Фридриху Вильгельму – несмотря на отчаянные усилия консервативного министра внутренних дел фон Рохова – лишь незначительно удалось смягчить политическую взрывоопасность, и на эмоционально насыщенном празднестве король был представлен как гарант конституционного прогресса. Например, вызвавшая большой интерес речь короля, которую он произнес с трона во время принятия присяги на верность, была интерпретирована как доказательство положительного отношения монарха к конституции. Между тем содержание речи было в основном ничего не значащим. Фридрих Вильгельм торжественно обещал быть "справедливым судьей, надежным, добросовестным, милосердным правителем, королем-христианином " и с восторгом говорил о том, что в Пруссии существует "единство главы и членов общества, государя и народа, в общем и целом великолепное единство устремлений всех сословий"[9]. Однако слов, отлитых в форму торжественного обещания, было достаточно, чтобы толковать их как "контрклятву". Буржуазный либерал Фанни Левалд сообщала, что "общее мнение" едино в том, чтобы "принять речь короля как обещание исполнять конституцию", "хотя ни одного слова об этом в речи или скорее в клятве не встретилось", так как "слушали с предубежденной душой и толковали оракула по-своему"[10]. Тщательно продуманным обещанием верности конституции, признанием желания подданных иметь ее речь Фридриха Вильгельма не была ни в коем случае.

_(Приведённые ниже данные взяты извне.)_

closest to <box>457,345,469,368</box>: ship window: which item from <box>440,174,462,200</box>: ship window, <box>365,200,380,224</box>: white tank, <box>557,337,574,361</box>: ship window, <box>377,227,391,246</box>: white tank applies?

Однако решающим было вовсе не содержание речи. Намного важнее ее прочтение как символа. При этом значение отдельного символа можно выяснить только в контексте всего символического поля или системы символов. В ритуальном пространстве символическое значение речи зависело от того, какой субъективный смысл ей приписывали приносившие присягу. Всеобщие надежды, которые связывались с Фридрихом Вильгельмом, то, что ландтаг уже принес присягу на верность, привели к тому, что во время эмоционально впечатляющего спектакля даже речь без специфически либерального содержания могла быть истолкована как доказательство прогрессивности монарха. Таким образом, речь короля символически интерпретировалась как "контрклятва". Под этим впечатлением сословная иерархия также интерпретировалась как несуществующая. В итоге, вопреки регламентированному порядку, все сословия приносили присягу совместно под открытым небом. Таким образом, казалось, что социальные барьеры сословности во время ритуала в Кенигсберге ослабли. Правда, во время последовавшего через короткое время принесения присяги в Берлине была подчеркнута сословная структура общества, монархический идеал в консервативном духе.
В целом празднества принесения присяги на верность при вступлении на престол Фридриха Вильгельма IV показывают, как в ритуальном пространстве рефлексивно осуществлялась коммуникация. При этом в центре стояли проблемы отношения монархии к конституции и легитимации монархии. Либералы видели монарха как представителя конституционного государства. Между тем сам Фридрих Вильгельм представлял себя королем божьей милостью, который являлся как бы естественным главой сословно разделенного тела. Явное поле конфликта различным способом отразилось также на празднествах интронизации наследников Фридриха Вильгельма IV. Как при коронации Вильгельма I, которая состоялась в 1861 в Кенигсберге, так и при провозглашении его императором в 1871 г., а также на проводившемся в 1888 г. праздновании интронизации Вильгельма II на повестке дня стоял вопрос о соотношении монархии и конституции.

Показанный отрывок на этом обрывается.